■ Work order ■
No pictures go in the copy; retype exactly the lines from the one with "Klitorisstimulator mit App" through the last line of the records.
** Opening Information provided block **
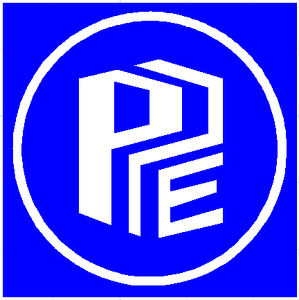 Logo: Präzision Metall- und Maschinenbau Eibau GmbH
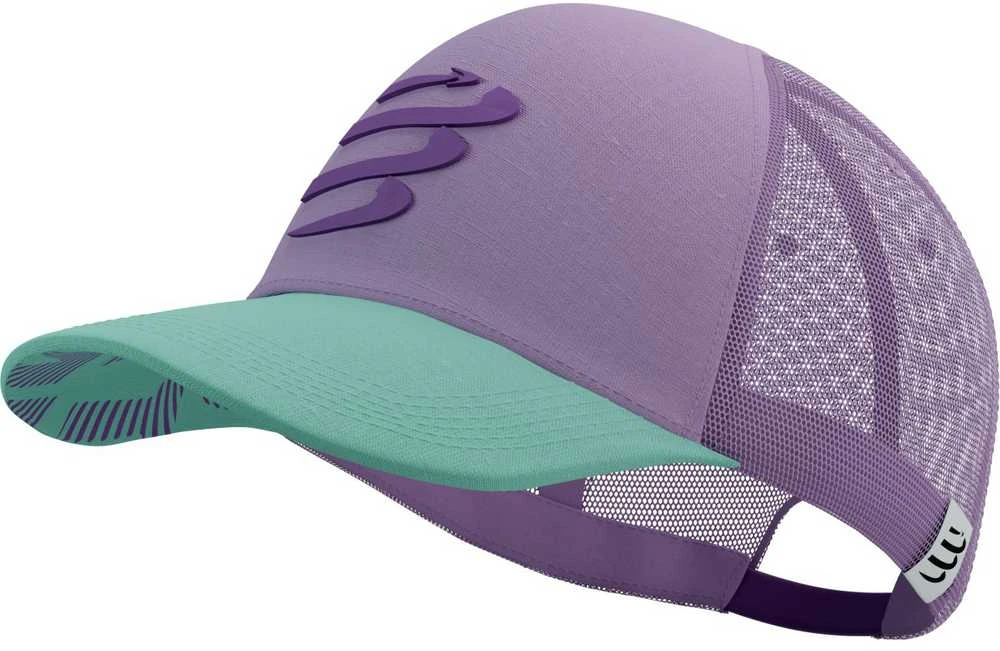 COMPRESSPORT TRUCKER kepurė nuo saulės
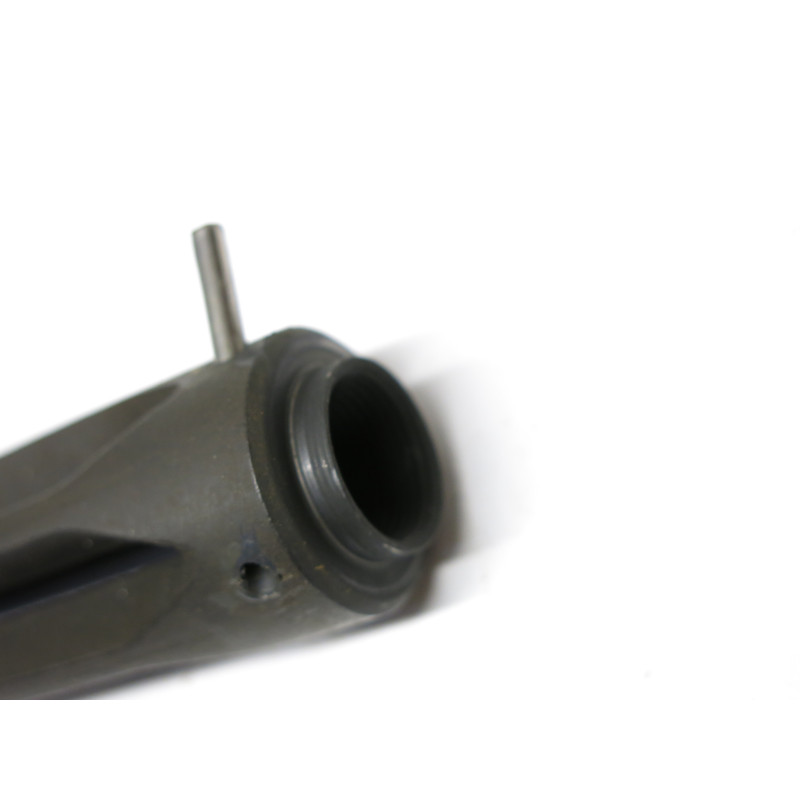 Cache flammme original  mitrailleuse M60 US Vietnam 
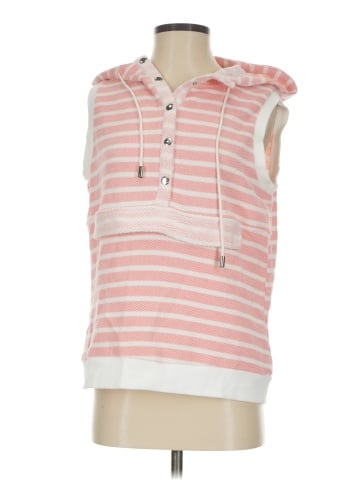 Doe & Rae Sweater Vest (view 1)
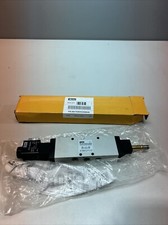 Parker P2LBZ792EENDBB49 Valve 2 position double 24VDC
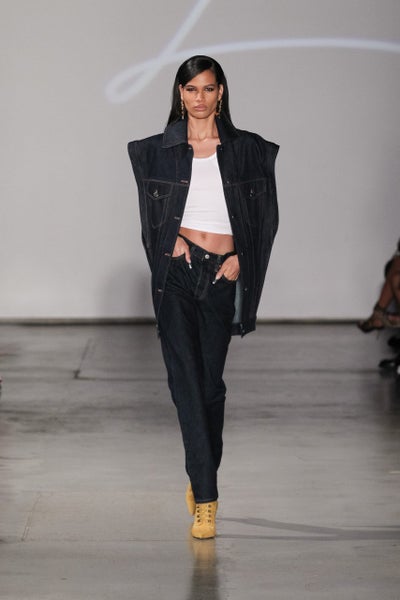 Lionne’s New York Fashion Week Debut Brings The Brand Closer To Home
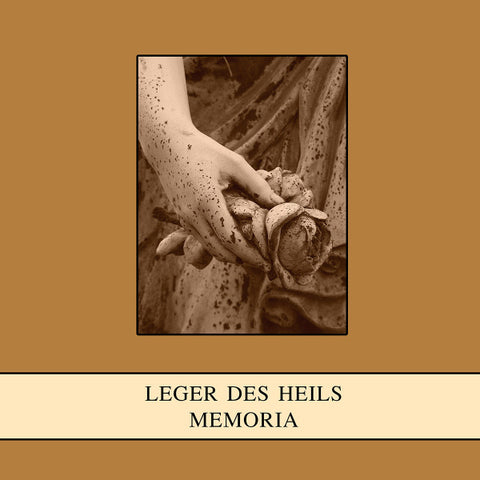 Leger Des Heils - Memoria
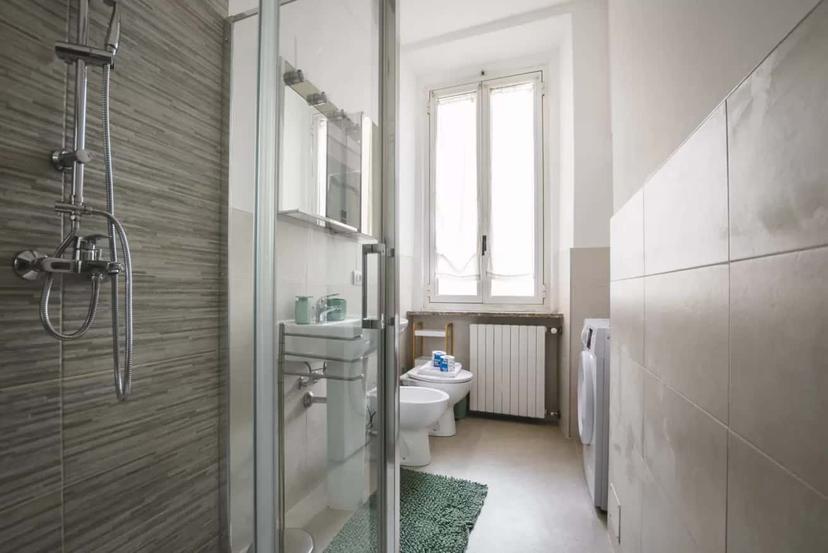 Monolocale in Via Brembo 7, Milano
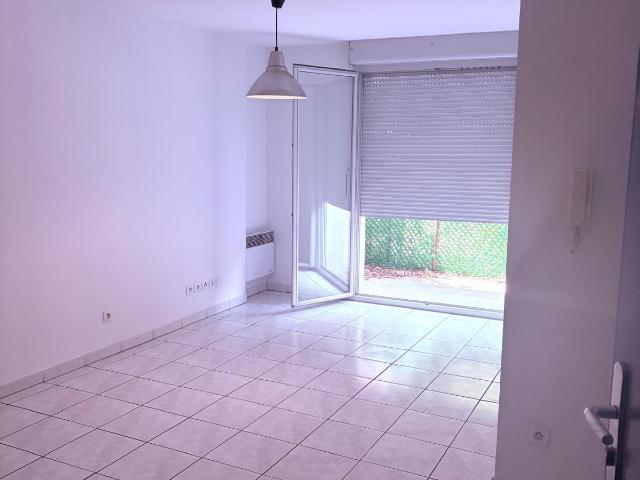 Appartement vente à Croix Daurade, Toulouse
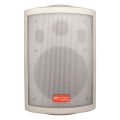 MAGICVOICE MV-25TRF 16 CM 80 WATT BEYAZ SÜTUN HOPARLÖR 2Lİ TAKIM TRAFOLU
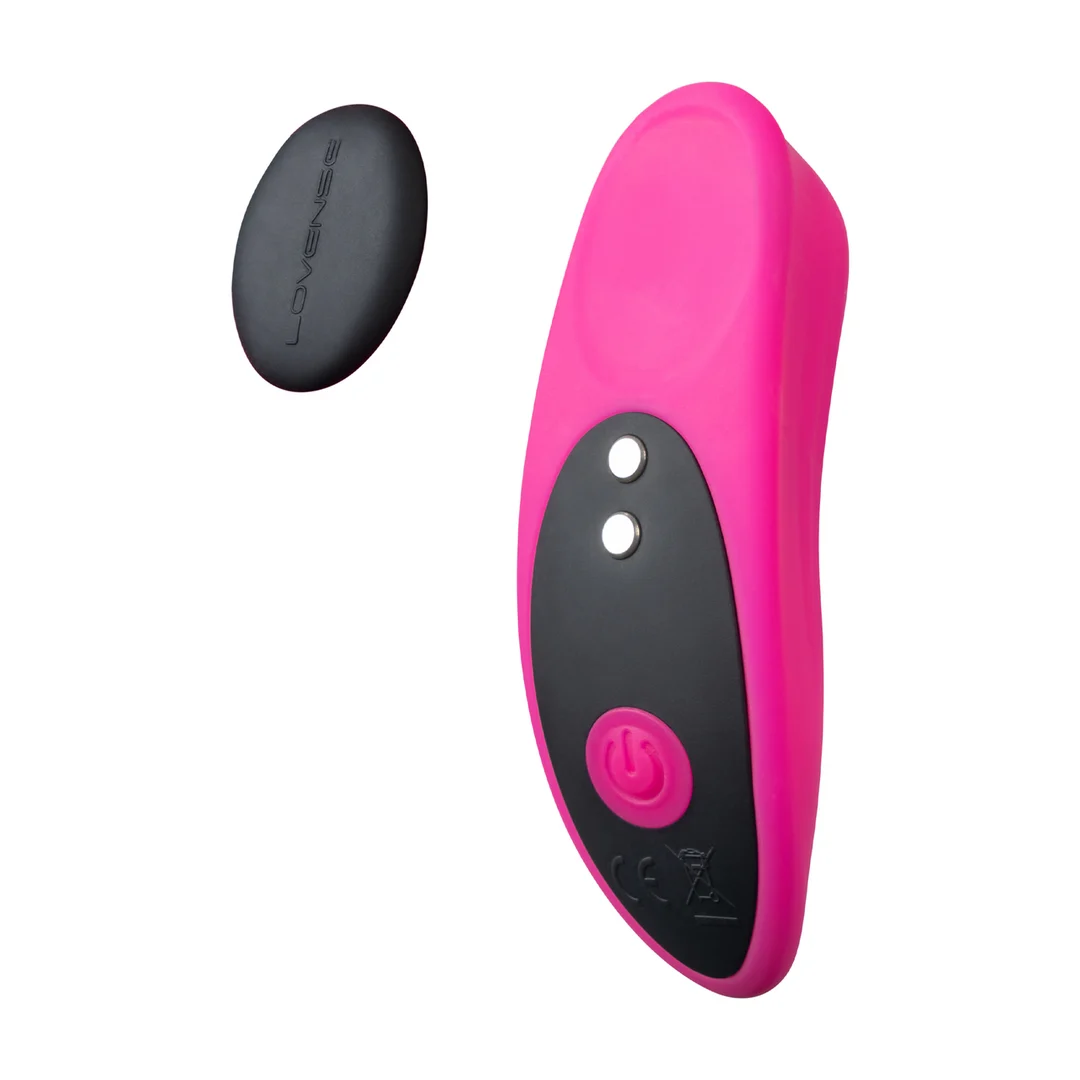 Klitorisstimulator mit App Steuerung – Ferri Lovense – Bild 3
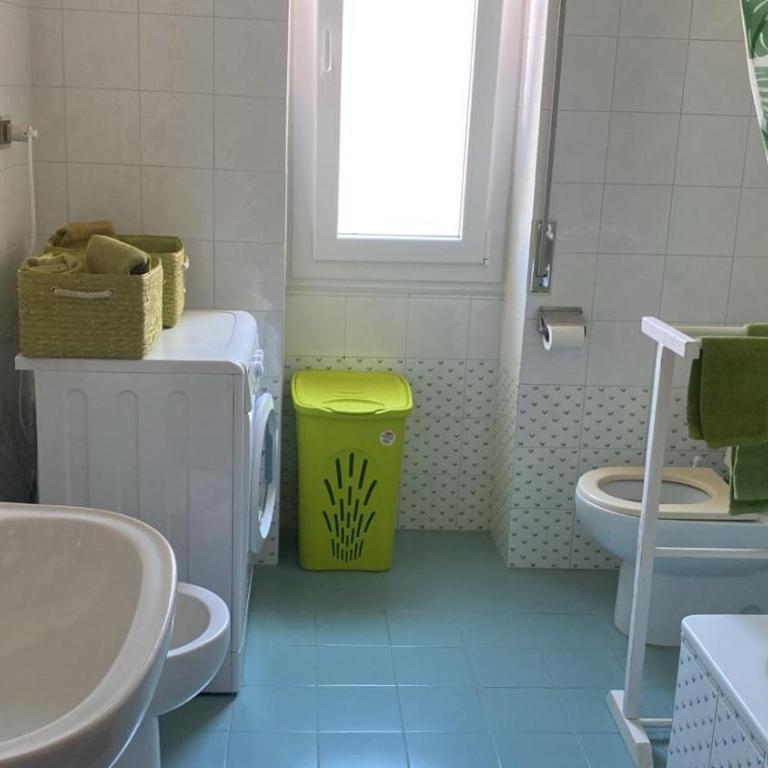 Central apartment Alghero - Appartamento con 2 Camere da Letto - 17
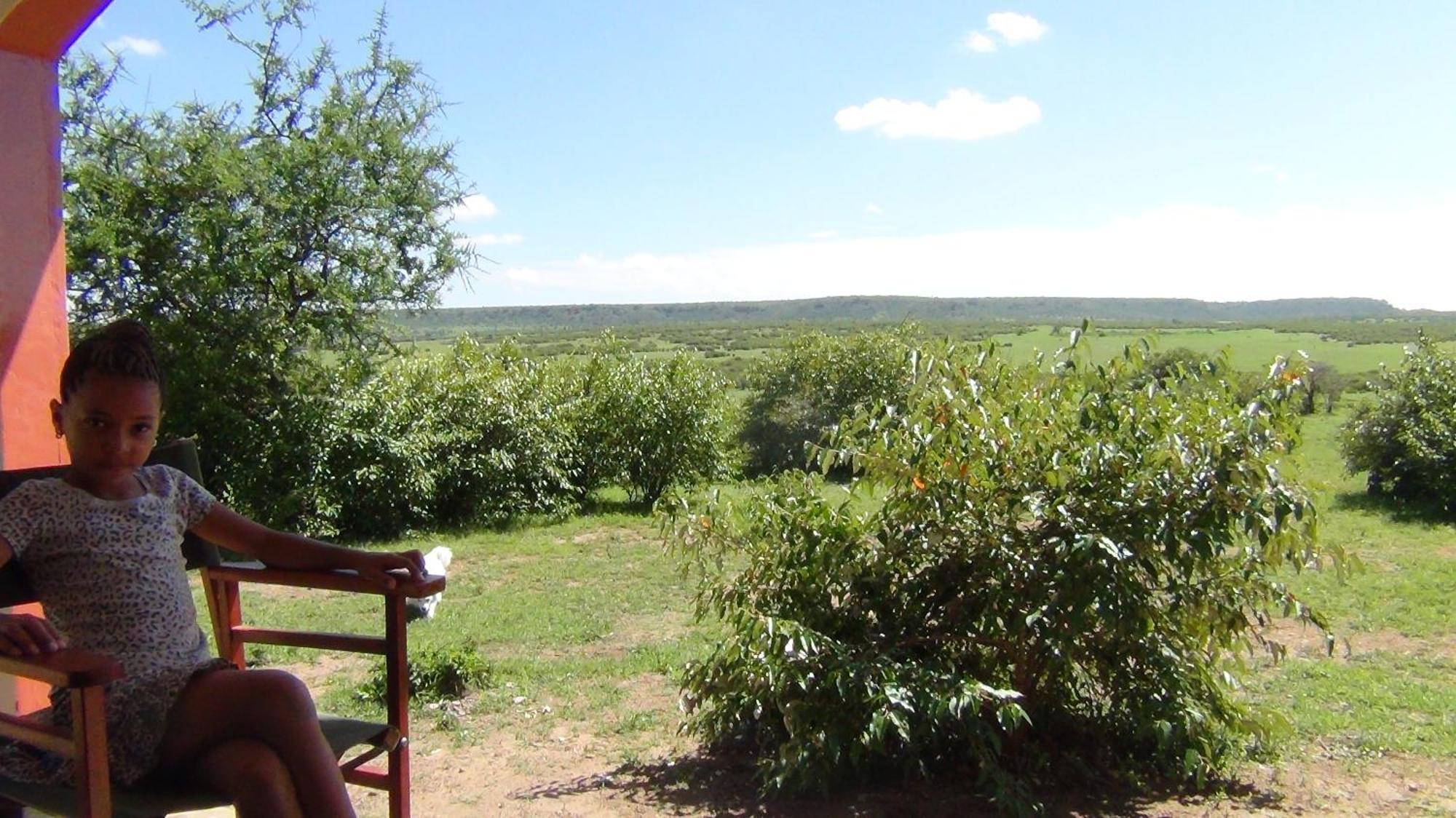 Narasha Homestay - Maasai Mara Talek Rom bilde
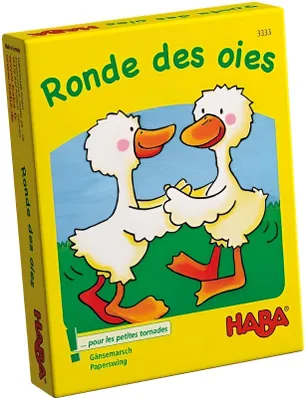Produktbild von HABA 4010168033334, 3 Jahr(e), Mehrfarbig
** Closing Information provided block **
■ Response below ■
 Klitorisstimulator mit App Steuerung – Ferri Lovense – Bild 3
 Central apartment Alghero - Appartamento con 2 Camere da Letto - 17
 Narasha Homestay - Maasai Mara Talek Rom bilde
Produktbild von HABA 4010168033334, 3 Jahr(e), Mehrfarbig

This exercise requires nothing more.